Response Muted as Insurance Commissioner Seeks More Power Over Blues

November 15, 1992|By ANN LOLORDO

The congressional invesstigation of Blue Cross and Blue Shield of Maryland not only criticized the plans' operations and management, it seriously questioned the ability of state regulators to oversee Maryland's largest health insurer.

When state insurance commissioner John A. Donaho appeared before the U.S. Senate Permanent Subcomittee on Investigations in late September, he told the panel's chairman just what he needed to keep a tighter reign on the Maryland Blues.

But, as U.S. Sen. Sam Nunn pointed out that day, the future strength of the state's regulatory authority rests not so much with Mr. Donaho.

"Do you think the prospects for getting your legislative package through the Maryland legislature are pretty good?" the Georgia senator asked Mr. Donaho.

"Is the governor backing those?" Mr. Nunn wanted to know.

Mr. Donaho was politic as ever, suggesting that the Senate committee's good work investigating the Blues had enhanced his chances in Annapolis and that the governor's staff had already been briefed.

But the month-old questions remain unanswered.

The only public statement Gov. William Donald Schaefer has made on the Blues' problems has been this: "I don't think they're bankrupt. I think they're solvent."

Del. Casper R. Taylor, D-Allegany, one of two key lawmakers who will oversee Mr. Donaho's package as it moves through the legislature, won't say publicly where he stands on Mr. Donaho's proposals. Mr. Taylor, who chairs the House Economic Matters Committee, contends that he hasn't seen the commissioner's regulatory initiatives -- although the lawmaker's legislative aide attended the Washington hearings during which Mr. Donaho's proposals were unveiled.

"I haven't seen any legislation. There's no way I can put my name to anything unless I see legislation," said Mr. Taylor, who repeatedly has pointed out that the insurance commissioner has always assured his committee that he had all the tools needed to do his job.

But Mr. Taylor added, "I fully expect the legislature to pass a package of legislation relevant to some regulatory authority that is in this general subject area."

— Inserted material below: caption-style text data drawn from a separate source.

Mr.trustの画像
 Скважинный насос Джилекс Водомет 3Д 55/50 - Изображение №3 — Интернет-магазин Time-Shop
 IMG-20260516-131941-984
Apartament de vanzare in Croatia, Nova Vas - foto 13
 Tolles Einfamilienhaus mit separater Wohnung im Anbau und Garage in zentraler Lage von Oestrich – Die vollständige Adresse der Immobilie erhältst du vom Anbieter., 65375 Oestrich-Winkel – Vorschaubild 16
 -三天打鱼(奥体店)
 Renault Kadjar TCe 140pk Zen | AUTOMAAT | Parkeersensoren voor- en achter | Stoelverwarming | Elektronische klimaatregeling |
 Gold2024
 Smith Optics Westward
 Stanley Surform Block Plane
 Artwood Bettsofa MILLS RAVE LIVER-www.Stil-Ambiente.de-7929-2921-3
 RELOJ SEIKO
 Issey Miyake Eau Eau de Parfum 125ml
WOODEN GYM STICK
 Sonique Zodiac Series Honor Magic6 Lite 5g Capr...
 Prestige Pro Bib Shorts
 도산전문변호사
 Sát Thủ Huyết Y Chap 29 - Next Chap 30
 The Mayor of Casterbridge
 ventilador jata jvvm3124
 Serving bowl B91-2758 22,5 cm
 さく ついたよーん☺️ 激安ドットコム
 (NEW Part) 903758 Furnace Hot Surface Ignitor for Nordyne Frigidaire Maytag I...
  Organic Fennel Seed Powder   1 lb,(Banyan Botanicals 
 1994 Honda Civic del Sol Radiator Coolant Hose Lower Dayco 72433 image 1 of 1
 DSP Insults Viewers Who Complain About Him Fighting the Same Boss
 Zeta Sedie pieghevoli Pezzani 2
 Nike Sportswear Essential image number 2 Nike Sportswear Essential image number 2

His counterpart in the Senate, Prince Georges Democrat Thomas P. O'Reilly, said he expects to meet with Mr. Donaho to discuss his needs. And whether Mr. Schaefer decides to embrace Mr. Donaho's package doesn't matter to him. "We're going to do what's right," said Mr. O'Reilly.

The furor over the Maryland Blues began over this issue of regulation.

During a hearing in Washington this summer, Mr. Donaho complained to Sen. Nunn's subcommittee that Blue Cross routinely thwarted his authority. That and a host of other complaints led to an investigation by Mr. Nunn's staff, which culminated in a series of startling revelations about the way the Blues do business. Exorbitant salaries for top executives. Financially-draining subsidiaries. Tickets to the Olympics for influential customers and rewarded staff. Disputed financial reserves. A history of poor management.

The effects of the investigation continue to be felt at Blues' headquarters in Owings Mills where an embarrassed board of directors searches for ways to restore the public's confidence in the "name to trust."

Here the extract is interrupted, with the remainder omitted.